(Activity): Below are some entries. Copy each line that holds the string "image".

= = = =

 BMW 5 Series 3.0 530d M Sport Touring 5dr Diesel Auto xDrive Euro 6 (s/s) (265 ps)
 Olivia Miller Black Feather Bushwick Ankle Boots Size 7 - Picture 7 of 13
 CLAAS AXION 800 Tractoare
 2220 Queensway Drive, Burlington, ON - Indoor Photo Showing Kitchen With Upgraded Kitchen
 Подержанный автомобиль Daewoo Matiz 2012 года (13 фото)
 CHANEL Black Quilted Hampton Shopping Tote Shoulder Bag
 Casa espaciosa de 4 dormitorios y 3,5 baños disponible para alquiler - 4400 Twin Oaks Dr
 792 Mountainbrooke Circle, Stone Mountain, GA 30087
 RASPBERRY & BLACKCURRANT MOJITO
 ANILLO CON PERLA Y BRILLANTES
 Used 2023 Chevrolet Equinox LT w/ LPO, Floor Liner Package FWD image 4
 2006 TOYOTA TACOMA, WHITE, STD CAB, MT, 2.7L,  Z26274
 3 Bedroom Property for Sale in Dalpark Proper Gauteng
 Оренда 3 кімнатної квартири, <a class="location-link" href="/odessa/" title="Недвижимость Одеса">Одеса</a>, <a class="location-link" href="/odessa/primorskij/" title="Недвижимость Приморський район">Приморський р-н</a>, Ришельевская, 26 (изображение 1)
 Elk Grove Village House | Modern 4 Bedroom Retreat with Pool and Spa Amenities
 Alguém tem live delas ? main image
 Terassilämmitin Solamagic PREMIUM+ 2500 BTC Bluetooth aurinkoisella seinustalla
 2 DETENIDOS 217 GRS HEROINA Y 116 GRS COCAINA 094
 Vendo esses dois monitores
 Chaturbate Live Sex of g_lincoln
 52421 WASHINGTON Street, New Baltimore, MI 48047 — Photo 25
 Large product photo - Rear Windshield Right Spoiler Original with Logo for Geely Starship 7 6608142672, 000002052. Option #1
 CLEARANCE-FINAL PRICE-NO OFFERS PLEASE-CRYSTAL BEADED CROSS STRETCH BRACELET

= = = =

(Written solution):
 Used 2023 Chevrolet Equinox LT w/ LPO, Floor Liner Package FWD image 4
 Alguém tem live delas ? main image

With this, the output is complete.